1992年6月〜99年9月の日記の大部分は、パソコン通信NIFTY-Serveの「外国語フォーラム・フランス語会議室」に書き散らしていたものを再編集したものです。ただし、タイトルは若干変更したものがありますし、オリジナルの文面から個人名を削除するなど、webサイトへの収録にあたって最低限の編集を加えてあります。当時の電子会議室では、備忘録的に書いた事柄もあれば、質問に対する回答もあります。
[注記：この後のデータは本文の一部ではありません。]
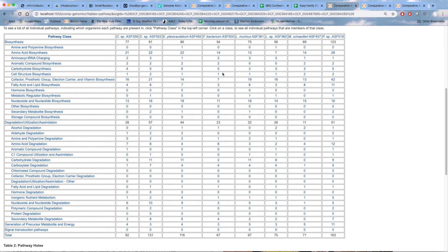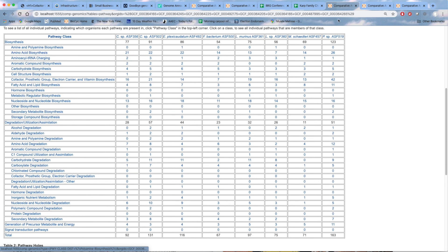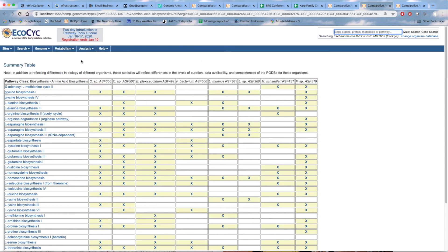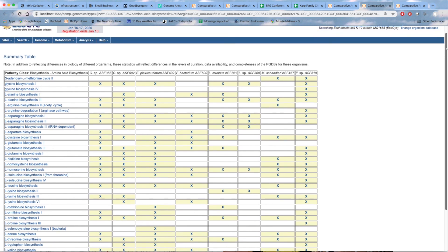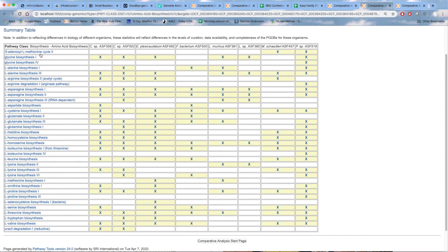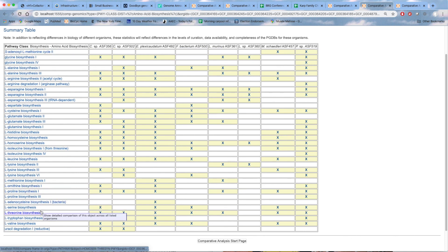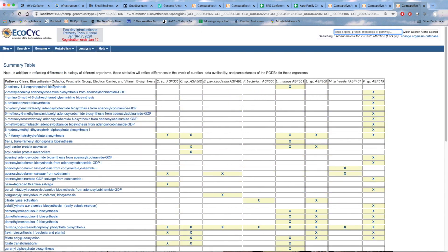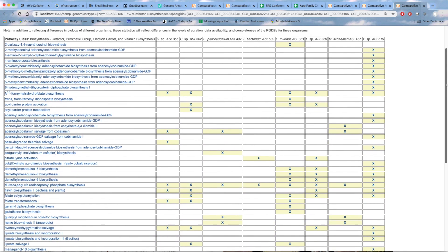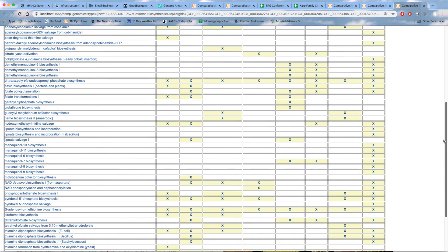If we want more detail on any of these rows, we simply click over here. For example, I clicked on the amino acid biosynthesis and I get a summary again across all the different organisms of specific individual amino acid biosynthetic pathways present in those organisms. And here I've clicked on the cofactor biosynthesis, and we get a summary of all the cofactor biosynthesis pathways present in each organism.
「問いかけ」のような語りになっている部分は、その時点での電子会議室利用者向けの「会話」であるとお考えください。

1994年05月12日

 菜の花畑が広がっていた。
 どこまでも、どこまでも、黄色い花畑が広がっていた。
 小さな菜の花畑が、寄せ集まっているのではなかった。
 広角レンズをつけたカメラを、おもいきりローアングルにして、小さな畑を誇張したのでもなかった。
 ひとつ、ひとつの区画が、見渡すかぎり、かなたまでつながっていた。
 電車のなかから、もたれ気味の胃をさすりながら、外をぼんやりと眺めていた。
 前の日とうってかわって、ときおり雨のぱらつく天気だった。
 かなたの地平線と、かなたの雲の境界があいまいだった。あいまいな境界あたりまで、菜の花畑がのびていた。きのうの午後は、真っ青な空と、菜の花畑の黄色、そして、まだ若い緑のぶどう畑が、くっきりとした線を浮かびあがらせていた気がした。

 ブルゴーニュの丘をながめたとき、山並みのみえないことが、印象的だった。
 地図をみるまでもなく、それはあたりまえのことだった。狭い日本と違って、ここは大陸のはしくれ[・・・・]、ゆるやかな丘を背中にすれば、目の前は地平線が広がるだけだ。ブルゴーニュの丘はゆるやかで、とがった山並みなど、見えるはずがなかった。
 ブルゴーニュといっても、ワインのなだらかな瓶を思いえがくだけだった。
 その土地について、あれこれ想像したことはなかった。
 ワインの里といえば、どうしても北海道の池田や余市、山梨県の勝沼あたりを連想してしまう。どの街も、畑が地平線まで伸びていることはなかった。かならず山並みが見えた。天気がよければ、ぶどう畑に残雪の残った山脈は、じゅうぶん絵になる景色だった。
 ブルゴーニュでついつい山並みを探したのは、勝沼などと比べたからではなかった。
 菜の花畑に出会うと、遠くの残雪の山を探すクセがあるだけのことだった。信州の野沢、とくに北竜湖あたりは、そんな絵になる風景をたのしませてくれたものだった。

 胃がおもい。電車のゆれが気になる。朝、無理矢理流し込んだコーヒーが、どうやら失敗だったようだ。
 もらった胃薬の包みをやぶいた。前の日にボーヌの街で買ったヴォルビックの栓を開く。腹に力が入らなかったので、ついつい電車の揺れにゆすられてしまう。胃薬の顆粒が少しこぼれ、袖口に水玉のような粉のあとがついた。
 薬を舌の上にのせ、ミネラル・ウォーターで一気に流し込む。舌先にすこし苦さが残った。その苦さを確認しただけで、なんとなく、胃が軽くなったような気がした。同行者に気づかれないよう、一度、軽いげっぷをした。
 旅行の帰りに胃がおもい——だけど、おもさを感じるたびに、むしろ楽しい気分さえあった。
 胃がおもいのも当然だった。パリに住んでから粗食が身についていたにもかかわらず、前日に夕食では、アントレからバター・ソースたっぷりのエスカルゴを味わったのだ。メインのボリュームが、それに劣るはずがない。チーズとケーキという二重のデザートも、胃には申し訳ないと少しは思いながら、うきうきと味わってしまった。
 子牛のメダイヨンにかかったソースは、前菜のバター・ソースにからまれた舌の上でも、はっきりと自己主張をしていた。
 正直言って、フランス料理のこってりしたソースは好きなほうではない。もちろん、うまいと思うけれど、おろし醤油やわさび醤油で食いたいと思うことのほうが多い。
 でも、このときは最後まで、醤油や大根おろしを恋しくなることがなかった。
 柔らかな肉をたっぷり味わったあとは、パンでソースを味あわせてもらった。十分後、給仕はほとんどぴかぴかになった皿を、ぼくの目の前から下げていった。